Brief
Return the listing below exactly. Leave its pictures out.

══ Source material

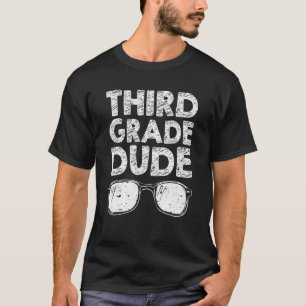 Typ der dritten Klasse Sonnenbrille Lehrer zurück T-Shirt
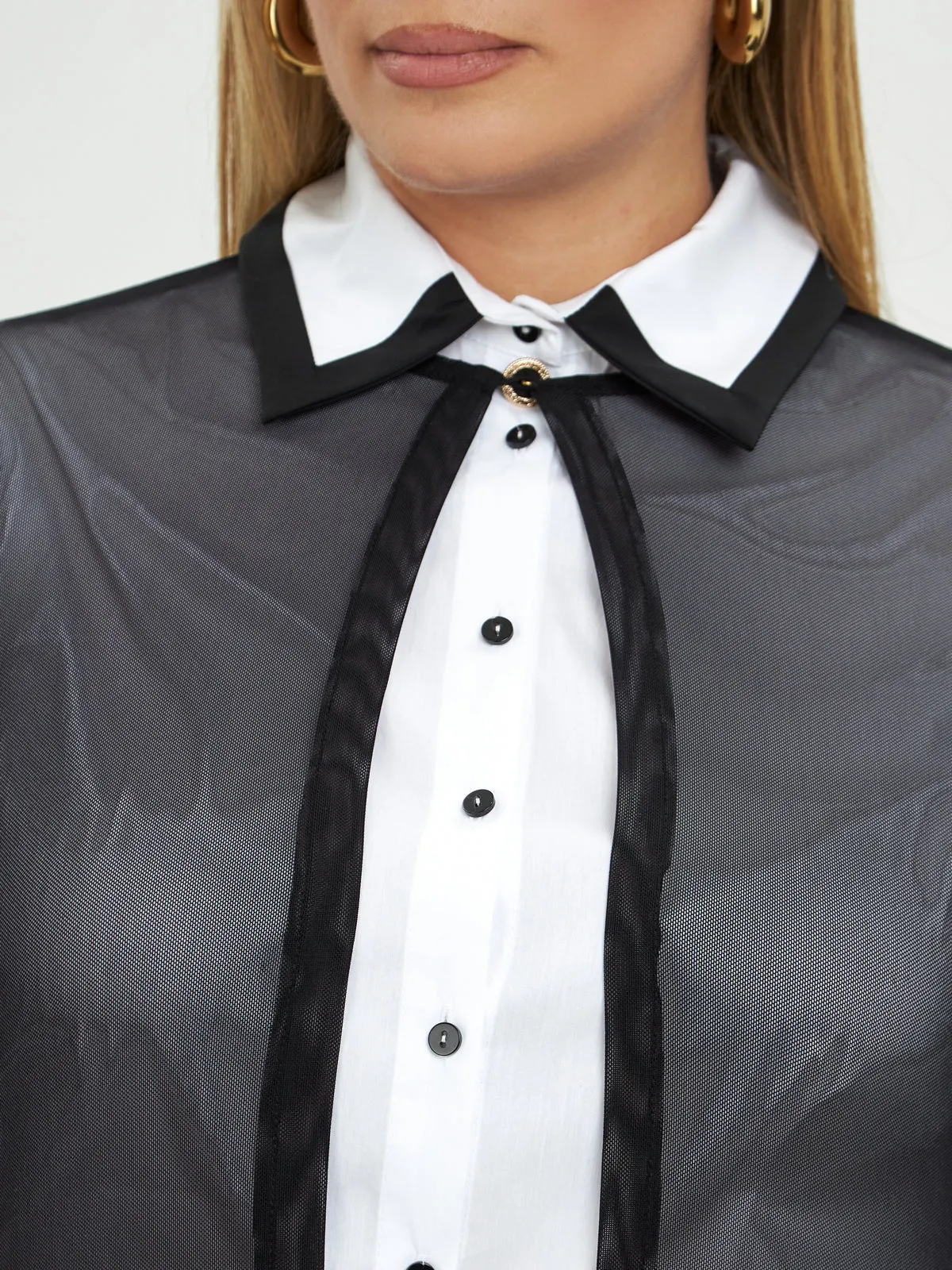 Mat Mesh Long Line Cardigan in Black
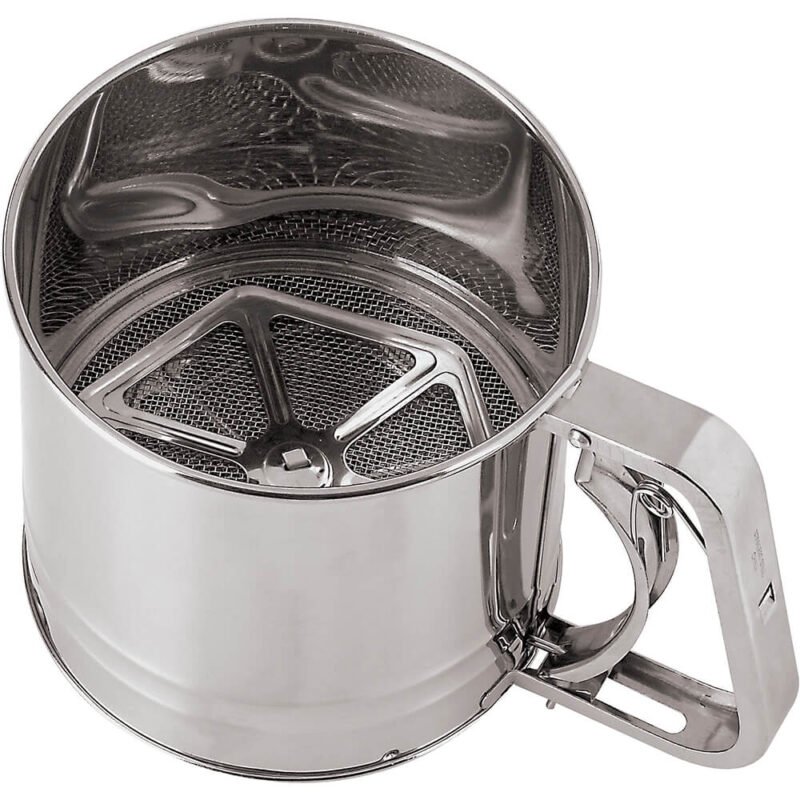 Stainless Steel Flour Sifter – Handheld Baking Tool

════

Written answer
 Typ der dritten Klasse Sonnenbrille Lehrer zurück T-Shirt
 Mat Mesh Long Line Cardigan in Black
 Stainless Steel Flour Sifter – Handheld Baking Tool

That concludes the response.